### Exercise data
▽

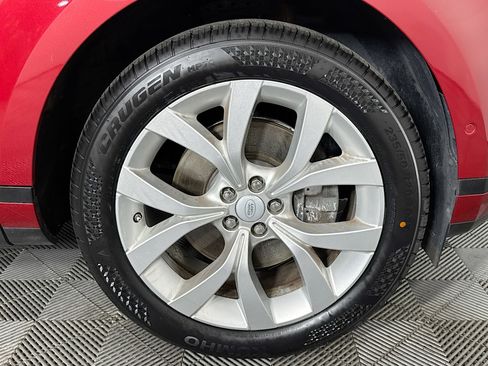 Used 2020 Land Rover Range Rover Evoque SE image 31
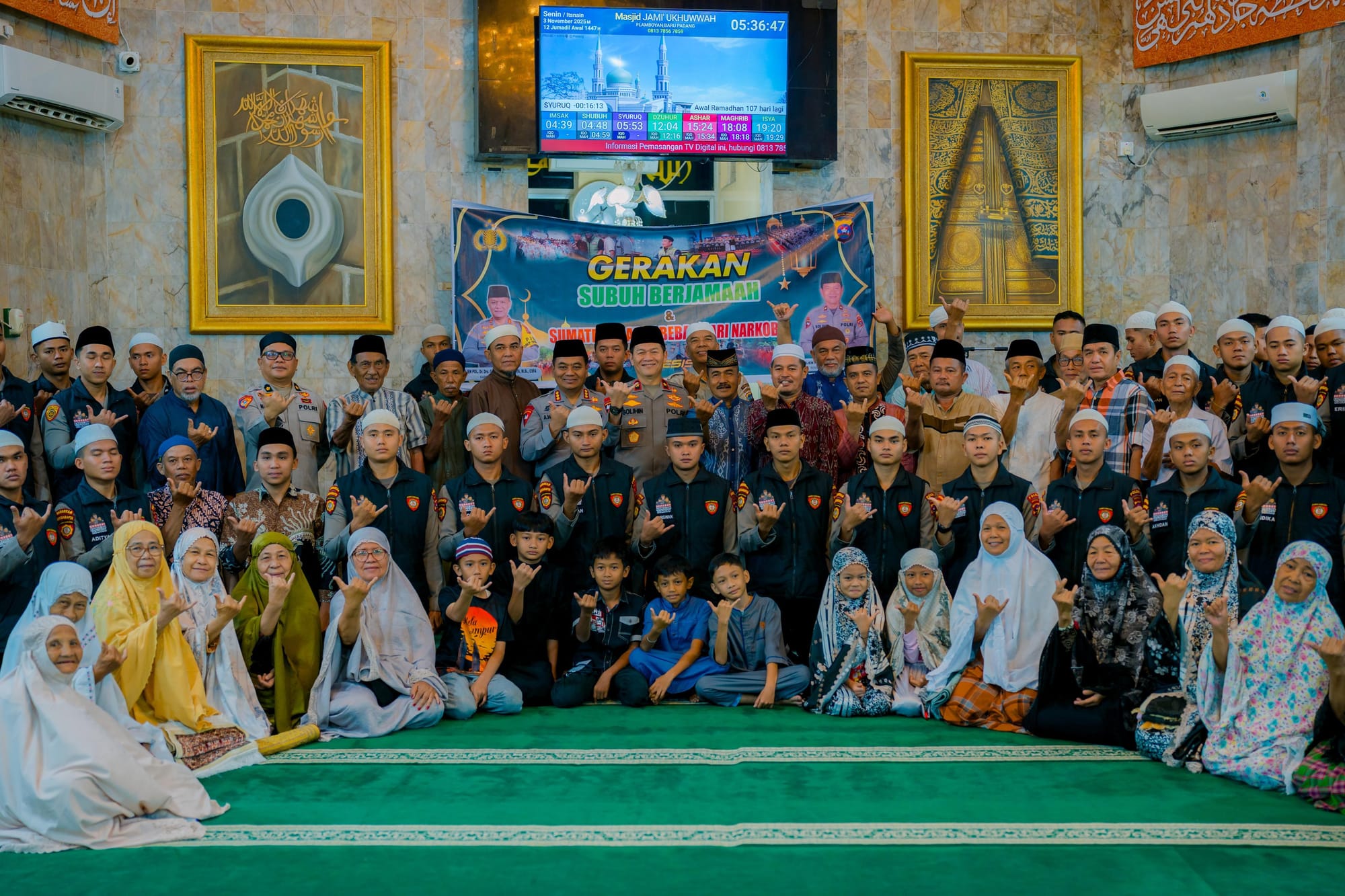 Bangun Kedekatan dengan Masyarakat, Wakapolda Sumbar Turun Langsung di Gerakan Subuh Berjamaah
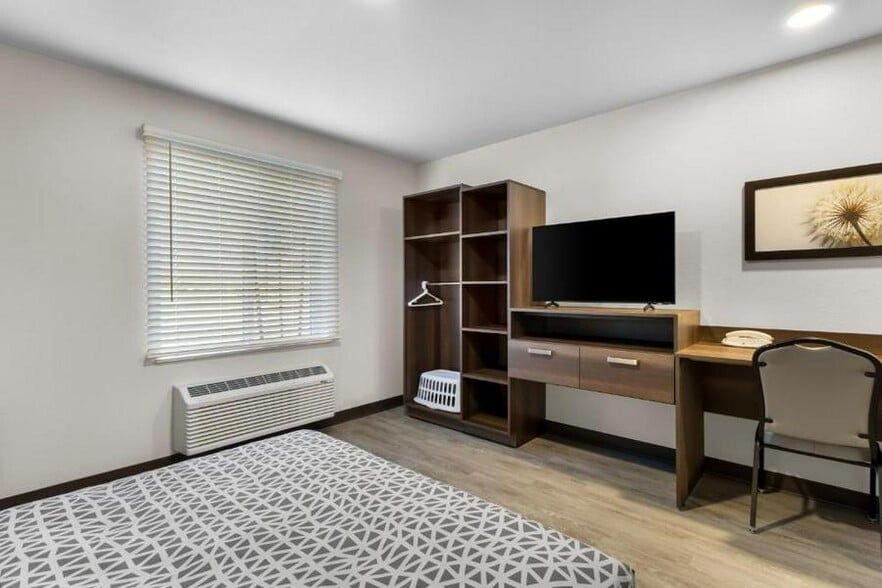 Building Photo - 1044 W Ave O 8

△

### Task requirements
Leave out the pictures and give the listing above again exactly.

### Your solution
 Used 2020 Land Rover Range Rover Evoque SE image 31
 Bangun Kedekatan dengan Masyarakat, Wakapolda Sumbar Turun Langsung di Gerakan Subuh Berjamaah
 Building Photo - 1044 W Ave O 8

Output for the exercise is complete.